Au cœur de la vieille ville, l’église Saint-Pierre et Saint-Paul, date des années 1850. Sa structure métallique fut réalisée par Joly d’Argenteuil, qui conçut aussi celle des Halles de Paris. Grâce à sa charpente, l’édifice résista au séisme de 1897. Elle présente une très belle façade jaune de style néo-classique .Une fois à l’intérieur, on peut admirer l’autel en marbre, datant du XIXe siècle. Bien qu’elle ne fût jamais consacrée, elle est dans le langage courant appelée localement « cathédrale ».

Ses statues                   

  • de la Mulâtresse Solitude
  • du colonel Louis Delgrès
  • du colonel Joseph Ignace
  • de Marcel Lollia dit « Vélo »
  • et la fresque murale des émeutes de mai 1967 en Guadeloupe

Le marché aux épices ou marché Saint-Antoine (Monument Historique)

Installé sous une belle halle métallique, ce marché datant de la fin du XIXè siècle, abrite bon nombre d’étals colorés,  abondamment recouverts d’épices, de confitures exotiques ou de punchs, de fruits, de légumes, de plantes médicinales, de philtres d’amour, d’objets de piété, ou de vannerie. En son centre se dresse la Fontaine Couturier, datant de 1874 et destinée à assurer de l’eau potable à la population

Le Musée Schoelcher (Monument Historique)

Le musée Schoelcher, inauguré en 1887 et  installé dans une ancienne villa datant de 1883  y sont exposées une collection d’objets ayant appartenu à Victor Schoelcher, grand défenseur des droits de l’homme et principal artisan de la 2ème ‘abolition de l’esclavage. On peut également y découvrir des objets liés à l’esclavage.

Le Musée l’Herminier (Monument Historique)

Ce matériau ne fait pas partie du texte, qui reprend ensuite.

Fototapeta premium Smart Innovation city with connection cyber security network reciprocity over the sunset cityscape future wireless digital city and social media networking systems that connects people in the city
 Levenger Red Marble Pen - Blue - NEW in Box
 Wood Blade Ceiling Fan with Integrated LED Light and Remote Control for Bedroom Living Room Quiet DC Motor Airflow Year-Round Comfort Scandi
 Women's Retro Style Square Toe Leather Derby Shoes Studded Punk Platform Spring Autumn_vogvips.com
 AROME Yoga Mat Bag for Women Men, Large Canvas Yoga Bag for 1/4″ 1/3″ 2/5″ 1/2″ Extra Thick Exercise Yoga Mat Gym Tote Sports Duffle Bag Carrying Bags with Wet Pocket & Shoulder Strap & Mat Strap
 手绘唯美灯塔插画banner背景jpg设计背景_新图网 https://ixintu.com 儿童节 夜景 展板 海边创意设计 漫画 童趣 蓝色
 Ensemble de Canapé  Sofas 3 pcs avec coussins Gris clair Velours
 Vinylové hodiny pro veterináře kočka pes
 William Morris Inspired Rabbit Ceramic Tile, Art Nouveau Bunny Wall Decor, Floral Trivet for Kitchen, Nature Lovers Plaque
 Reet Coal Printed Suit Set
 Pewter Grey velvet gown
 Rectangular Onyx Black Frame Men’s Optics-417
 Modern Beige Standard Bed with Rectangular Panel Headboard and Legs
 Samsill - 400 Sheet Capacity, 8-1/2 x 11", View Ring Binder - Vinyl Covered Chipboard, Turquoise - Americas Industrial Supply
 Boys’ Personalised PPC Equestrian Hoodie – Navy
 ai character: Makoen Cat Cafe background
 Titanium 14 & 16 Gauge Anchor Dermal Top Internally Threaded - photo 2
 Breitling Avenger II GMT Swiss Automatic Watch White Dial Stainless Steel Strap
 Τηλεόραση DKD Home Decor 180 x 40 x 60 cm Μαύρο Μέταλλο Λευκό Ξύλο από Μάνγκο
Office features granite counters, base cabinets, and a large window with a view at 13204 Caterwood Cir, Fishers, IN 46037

Cette batisse a été construite à la fin du XIXe siècle pour accueillir la Chambre d’agriculture de la Guadeloupe. Le bâtiment est aujourd’hui devenu un musée et présente plusieurs collections botaniques et zoologiques. Jusque dans les années 60, il abrita le seul musée de l’île d’Histoire Naturelle consacré à la faune et à la flore tropicales.

Le Musée Saint-John Perse (9 rue de Nozières, Monument Historique)

Installé dans une splendide demeure à ossature métallique construit en 1880, il présente une exposition permanente sur la vie du poète pointois Saint-John Perse, prix Nobel de littérature en 1960, ainsi que sur les costumes créoles. La maison natale de Saint-John Perse est située au 54 de la rue Achille René-Boisneuf.

Place de la victoire

Cette place parsemée de palmiers royaux et de sabliers bicentenaires doit son nom au triomphe des sans-culottes et à la fin de l’esclavage. Il est à proximité de l’office de tourisme, bâtiment de style colonial néo-classique. On y trouve un kiosque à musique datant de 1930, ainsi que les statues des gouverneurs Félix Éboué et Charles Victor Frébault. Elle a été successivement appelée Grande Place ou Place Sartine, elle ne prend son nom définitif qu’en 1794 lors de la reconquête de la Guadeloupe par Victor Hugues.

 Le Mémorial ACTe

Il se trouve au début du Quartier de Carénage. Inauguré en 2015, il présente l’histoire de l’esclavage de l’Antiquité à nos jours.